Every clock has its own story to tell. Sometimes though, getting them to talk proves challenging. Take this one – clues galore it would seem, but before I strike lucky, before I can tick boxes in its time line, it stops. I need the help of some ancestry detectives.
There is such a nostalgia surrounding clocks. Just the look of this one takes me back to my grandparents’ terraced house in Leicester. They too had a mantel clock with barley twist pillars. There, above the open fire on the tall wooden mantelpiece it stood, chaperoned by horse-brasses and a clutter of incongruous glassware and pottery. It took pride of place and, I recall, it too had a little brass plaque marking my grandfather’s time served as a bespoke tailor.
So when I saw this clock at a Devon auction house, it was hard to resist.

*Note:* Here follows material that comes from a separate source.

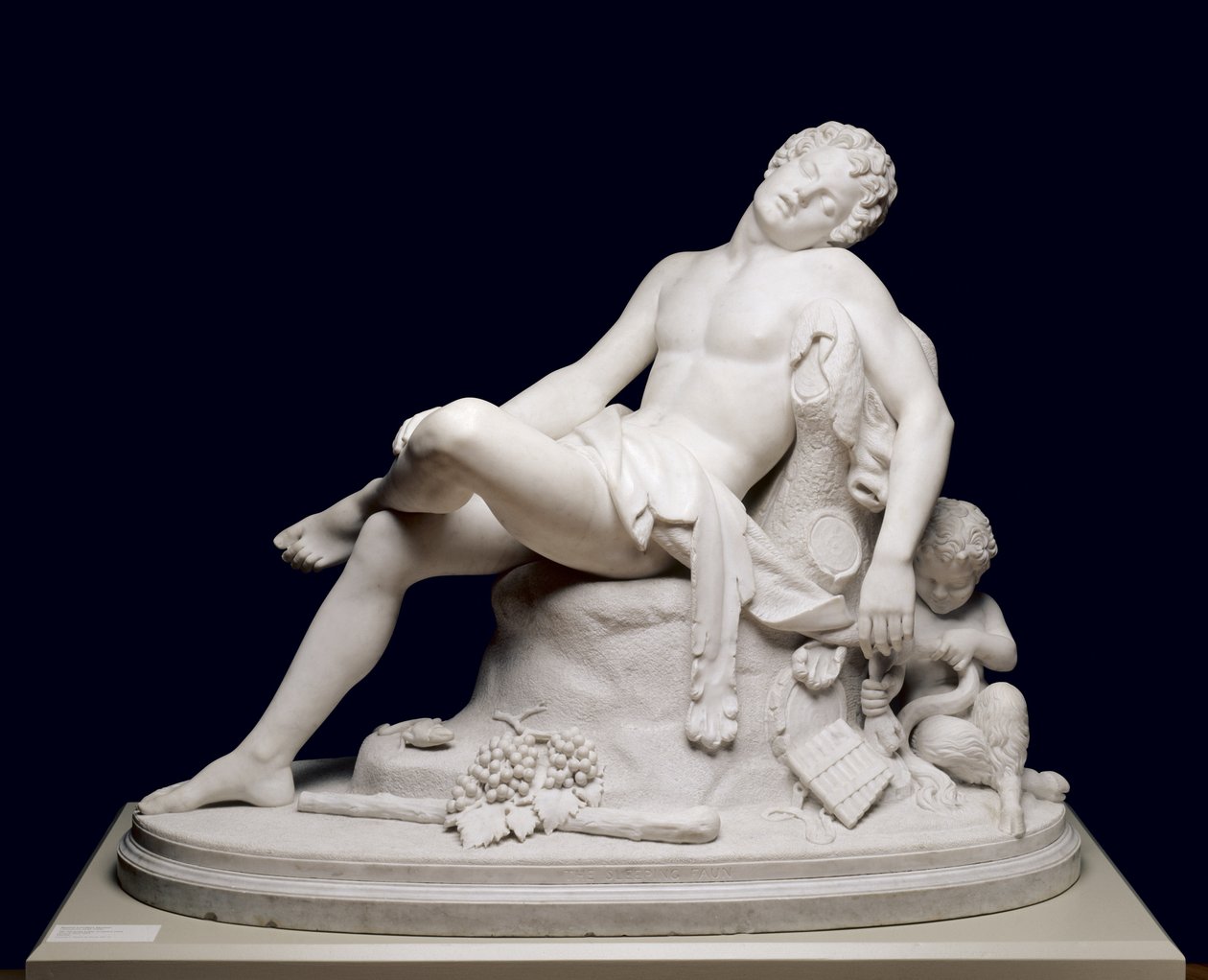 Den sovende faun, modellert 1864, skåret ca. 1870. av Harriet Goodhue Hosmer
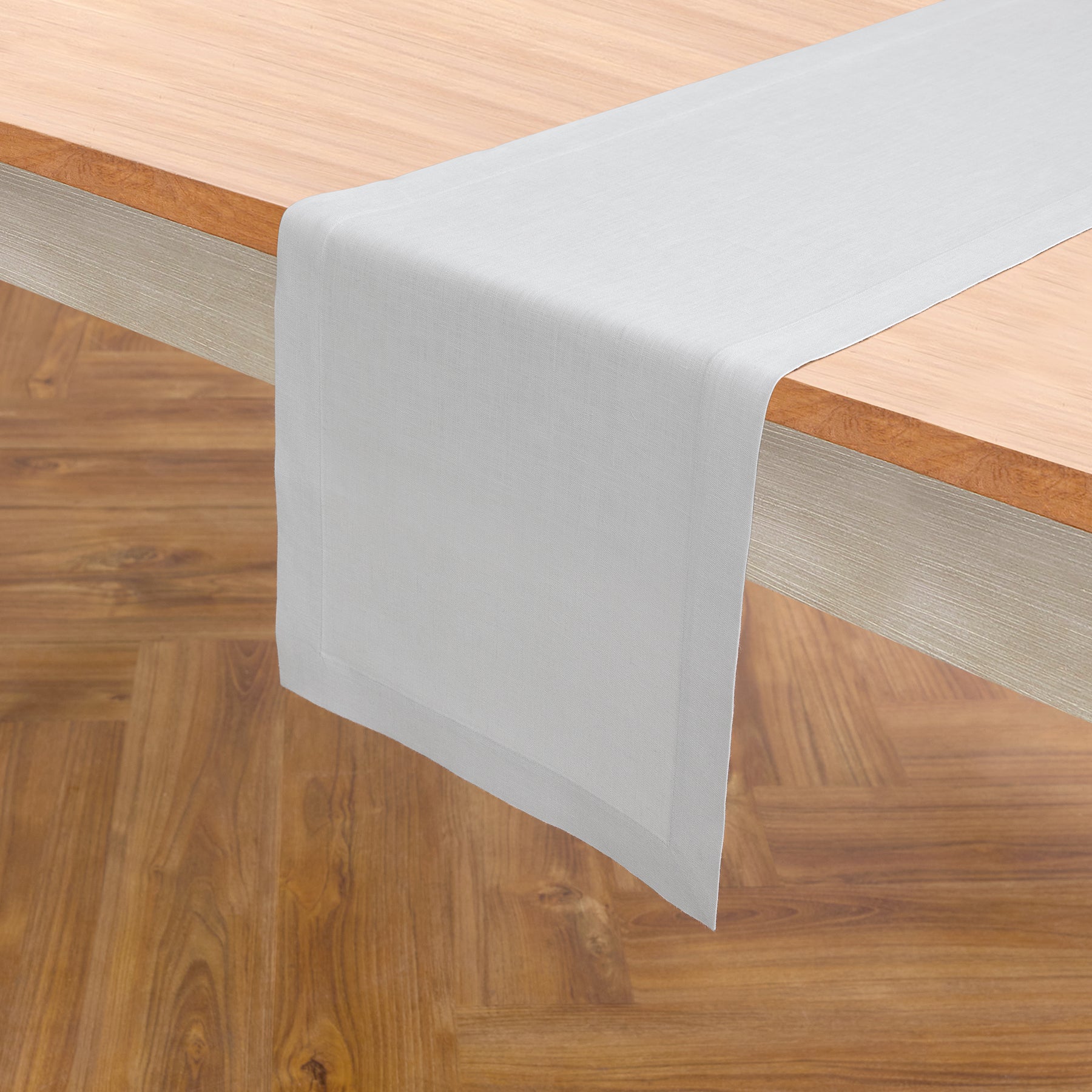 Elegant Fete Table Runner for Weddings, Parties & Events - Premium Decorative Dining Table Cover for Home & Restaurant Decor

It was in a sorry state, grubby and unkempt. One of the feet had fallen off. The movement teetered precariously on its rickety wooden platform and rattled ominously inside the case. The clock showed no signs of life.
I didn’t mind. To be fair, that excited me all the more. I dismantled and examined it. There was nothing much wrong with it that a modest investment of care and a good clean wouldn’t put right.
All the time I was working on it, the case sat on my workbench and the plaque glinted and beckoned alluringly, with its irresistible mystery.
“Presented to G W H PICK
On the occasion of his marriage
Dec 15th 1923
By his friends at
BABWORTH and AUCHNAFREE”
I manage to track down some wedding details.
If I have the right one, he went by the name of Walter and his new wife’s maiden name was Atkins. They married in the parish of Williton in Somerset.
Initially, I thought that Babworth and Auchnafree must have been a manufacturing business. It sounded a bit like an engineering company.
The past is a foreign country
It makes sense that his work colleagues would pool their resources to buy him a wedding gift. Odd, perhaps, that they would use only his initials and offer the gift to him alone and not jointly to the happy couple. But protocols change. The past is a foreign country, they do things differently there.
What of Babworth and Auchnafree? A quick Google search links the two. The correspondence address for Auchnafree Estate Company is Babworth Hall in Retford, Nottinghamshire.
And it quickly becomes apparent that my initial surmise is off the mark.
Engineering company my foot! It seems they own a fair bit of Scotland. Was Walter a Nottinghamshire lad, a young estate worker? Did he meet a girl from Somerset and marry in her parish?
I email the company secretary but receive no reply.
When researching history, perhaps the best idea is to start as near to the present as possible and work backwards.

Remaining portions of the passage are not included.